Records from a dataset
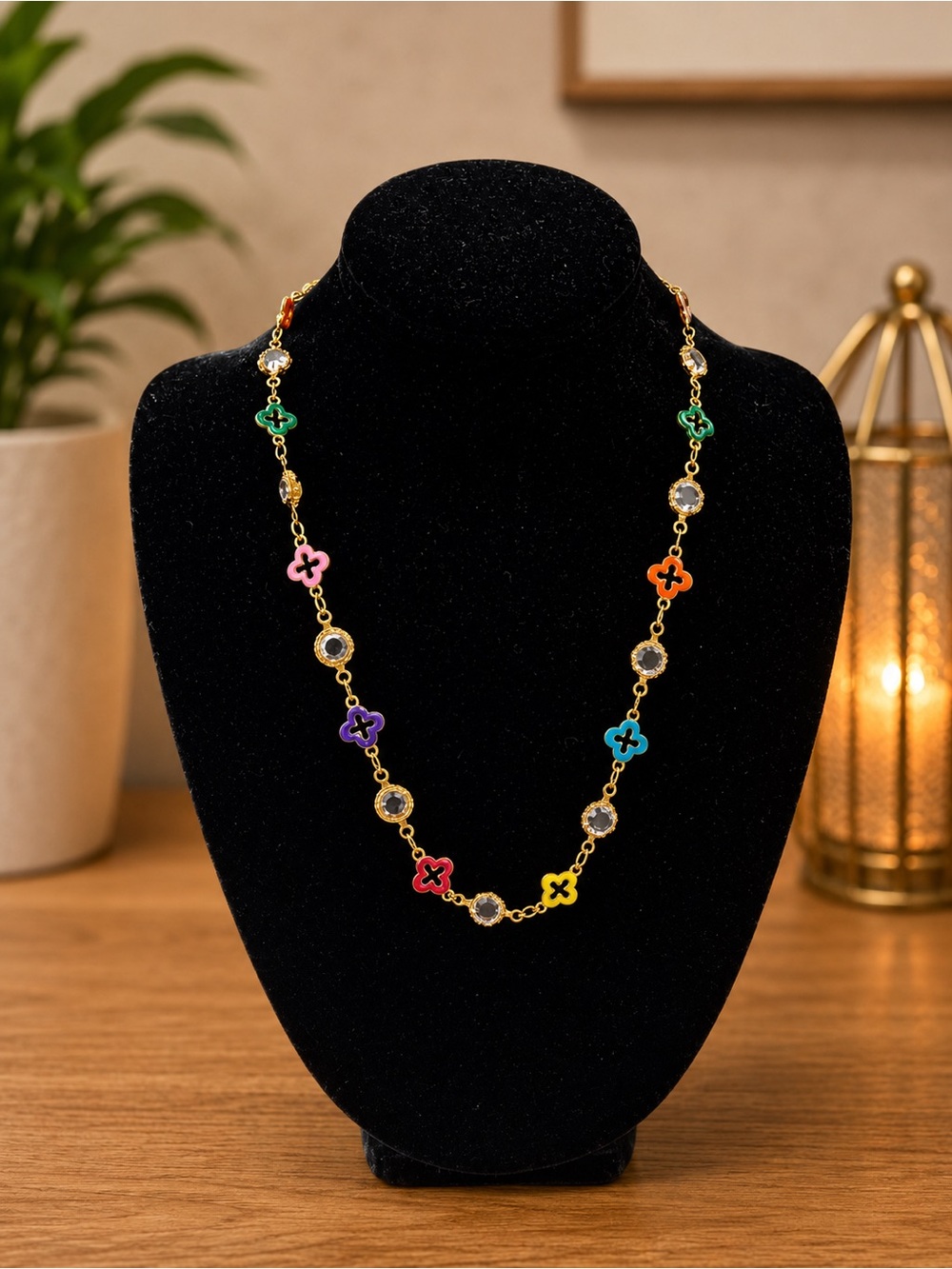 Multicolor Clover Link Necklace -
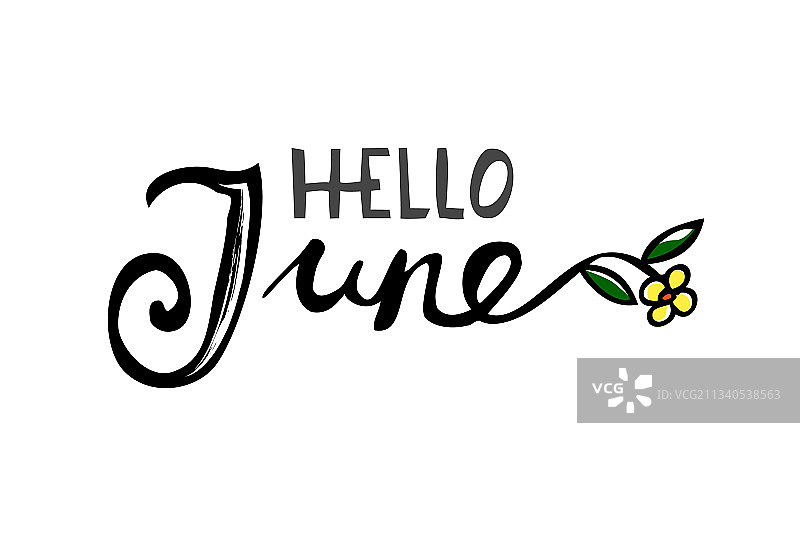 简约的六月你好白色背景字母图片素材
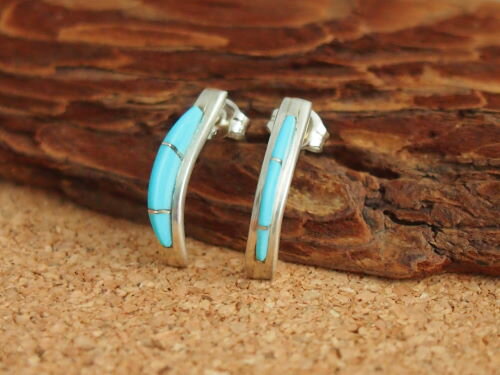 インディアンジュエリー・ズニ族 ターコイズインレイ・ハーフフープピアス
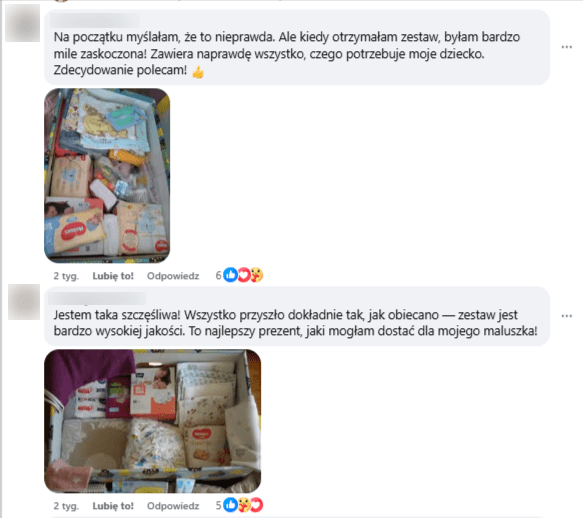 Zrzut ekranu z platformy Facebook, gdzie pojawiają się komentarze chwalące internetowy scam. 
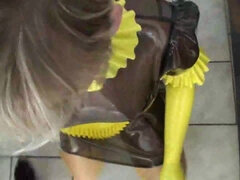 Kinky dude in a latex suit fucks his plump maid slave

- [Work order] Return the lines from the one containing "简约的六月你好白色背景字母图片素材" through the last line of the records, both included, exactly as written and with no pictures.

- [Problem solution]
 简约的六月你好白色背景字母图片素材
 インディアンジュエリー・ズニ族 ターコイズインレイ・ハーフフープピアス
 Zrzut ekranu z platformy Facebook, gdzie pojawiają się komentarze chwalące internetowy scam. 
 Kinky dude in a latex suit fucks his plump maid slave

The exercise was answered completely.